Is your home studio holding you back?

You’ve done all the right things to get started in Voice Over.
Attended courses/ workshops and/or had some professional coaching/ mentoring and along the way putting in LOTS of practise, recording anything you could get your hands on. You feel like you’re ready to really put yourself out there and start pitching for some paid work so you jump onto some casting websites and start auditioning.

For any independent, self-recording voice over artist this is the hard part. You feel like you’re nailing the brief for each audition but you’re just not landing jobs. Here are some thoughts on why that may be.

Firstly, remember that Voice Over is competitive. There are a LOT more people doing it now, and while there is also a much greater variety of work you could be part of a very large pool of talent pitching for the same job.

Are you really ready? Don’t directly compare yourself with other Voice Over Artists but DO listen to them. Are you confident with your reads? How many times do you need to read a script to get a great take? Are you just reading the words and hoping they like the sound of your voice or are you truly delivering the meaning and feeling of the script. A voice that’s easy on the ear is a start but a voice that can really sell a product or make the listener feel something and take them on a journey is better.

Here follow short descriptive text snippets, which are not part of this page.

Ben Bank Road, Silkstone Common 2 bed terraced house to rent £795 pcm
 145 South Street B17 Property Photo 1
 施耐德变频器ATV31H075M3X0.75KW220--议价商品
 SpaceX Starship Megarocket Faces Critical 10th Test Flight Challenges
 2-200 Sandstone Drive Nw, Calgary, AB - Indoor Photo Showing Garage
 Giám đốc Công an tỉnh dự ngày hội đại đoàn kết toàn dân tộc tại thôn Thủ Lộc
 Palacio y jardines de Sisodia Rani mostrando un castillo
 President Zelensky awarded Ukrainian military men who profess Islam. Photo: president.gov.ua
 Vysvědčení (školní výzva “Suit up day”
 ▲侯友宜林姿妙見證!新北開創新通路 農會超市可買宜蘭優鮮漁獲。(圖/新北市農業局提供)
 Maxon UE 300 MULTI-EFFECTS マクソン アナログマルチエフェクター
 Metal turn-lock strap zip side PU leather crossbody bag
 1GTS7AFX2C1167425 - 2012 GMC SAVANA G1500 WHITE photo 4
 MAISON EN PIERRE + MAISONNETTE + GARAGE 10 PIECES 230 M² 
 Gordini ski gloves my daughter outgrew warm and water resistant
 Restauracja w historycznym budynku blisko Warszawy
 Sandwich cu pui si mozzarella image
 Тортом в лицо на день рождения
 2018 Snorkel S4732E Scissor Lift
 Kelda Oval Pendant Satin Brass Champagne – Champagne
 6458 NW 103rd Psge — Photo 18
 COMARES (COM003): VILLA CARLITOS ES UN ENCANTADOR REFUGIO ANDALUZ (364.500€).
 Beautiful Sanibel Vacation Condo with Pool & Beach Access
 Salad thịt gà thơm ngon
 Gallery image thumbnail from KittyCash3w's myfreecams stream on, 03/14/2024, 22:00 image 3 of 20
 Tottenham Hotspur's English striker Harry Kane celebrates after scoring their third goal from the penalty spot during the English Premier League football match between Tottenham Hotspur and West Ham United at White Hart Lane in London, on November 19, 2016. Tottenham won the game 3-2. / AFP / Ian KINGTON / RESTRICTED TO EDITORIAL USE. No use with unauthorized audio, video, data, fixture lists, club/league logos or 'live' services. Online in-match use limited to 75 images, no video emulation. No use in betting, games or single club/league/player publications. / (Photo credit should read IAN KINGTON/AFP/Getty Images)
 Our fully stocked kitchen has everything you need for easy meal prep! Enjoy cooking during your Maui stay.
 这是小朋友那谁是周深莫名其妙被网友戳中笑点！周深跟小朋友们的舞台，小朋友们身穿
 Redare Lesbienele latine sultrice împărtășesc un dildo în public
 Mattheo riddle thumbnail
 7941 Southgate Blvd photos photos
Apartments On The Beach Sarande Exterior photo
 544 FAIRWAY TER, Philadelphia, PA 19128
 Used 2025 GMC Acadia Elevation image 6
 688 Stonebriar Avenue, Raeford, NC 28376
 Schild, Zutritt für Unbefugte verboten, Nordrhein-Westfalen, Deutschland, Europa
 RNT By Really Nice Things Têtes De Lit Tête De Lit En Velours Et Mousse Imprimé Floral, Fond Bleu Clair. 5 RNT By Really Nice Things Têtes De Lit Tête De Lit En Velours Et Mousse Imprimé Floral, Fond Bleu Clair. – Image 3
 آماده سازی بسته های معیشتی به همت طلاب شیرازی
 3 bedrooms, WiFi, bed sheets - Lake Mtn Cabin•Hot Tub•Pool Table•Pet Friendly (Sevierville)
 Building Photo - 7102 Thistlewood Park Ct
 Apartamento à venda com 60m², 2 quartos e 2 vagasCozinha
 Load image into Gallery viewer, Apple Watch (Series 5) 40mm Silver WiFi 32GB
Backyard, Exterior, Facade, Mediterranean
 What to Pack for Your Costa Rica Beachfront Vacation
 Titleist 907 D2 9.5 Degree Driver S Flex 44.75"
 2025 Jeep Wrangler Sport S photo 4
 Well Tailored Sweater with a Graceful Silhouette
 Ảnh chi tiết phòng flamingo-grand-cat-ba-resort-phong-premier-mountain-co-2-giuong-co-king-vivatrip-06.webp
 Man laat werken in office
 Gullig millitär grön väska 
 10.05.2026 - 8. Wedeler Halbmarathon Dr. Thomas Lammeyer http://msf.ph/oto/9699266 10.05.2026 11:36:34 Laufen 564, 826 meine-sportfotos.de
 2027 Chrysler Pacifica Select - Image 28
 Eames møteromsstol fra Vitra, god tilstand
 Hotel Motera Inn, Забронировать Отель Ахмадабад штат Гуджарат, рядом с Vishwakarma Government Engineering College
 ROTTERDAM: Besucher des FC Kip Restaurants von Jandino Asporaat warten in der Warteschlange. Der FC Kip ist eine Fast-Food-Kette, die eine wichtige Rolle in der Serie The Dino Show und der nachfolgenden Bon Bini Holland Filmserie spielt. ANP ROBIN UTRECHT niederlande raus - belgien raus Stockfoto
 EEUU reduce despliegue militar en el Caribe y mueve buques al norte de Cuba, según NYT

Does your recording sound like it was done in a cupboard?
Yes. That’s a serious question.
As someone who regularly casts Voice Over Artists who record in their own studios I need to let you know this – If I can hear the walls in your recording it’s a deal breaker.
What I mean by this is that if you’re recording space isn’t acoustically treated, the sound of your voice will bounce off the walls (and other hard surfaces) and be captured by the microphone. An extreme example of this is when you sing to yourself in the bathroom and your voice comes booming back at you thanks to all those lovely tiled surfaces. Great for singing to yourself, not so much for recording.
When faced with the choice of voice talent who have the right vocal age/tone for a script and skills to deliver it. If the requirement is they are recording in their own studio, the best recording sound will win.

It’s not as hard to get right as you think.
Firstly, unless your home studio solution is one of the commercially available standalone booths, you’ll never achieve anything close to sound proof. I hear a lot of people talk about sound proofing but what they are really talking about is sound deadening, acoustically treating the space to absorb sound that would normally be reflected off walls and other hard surfaces.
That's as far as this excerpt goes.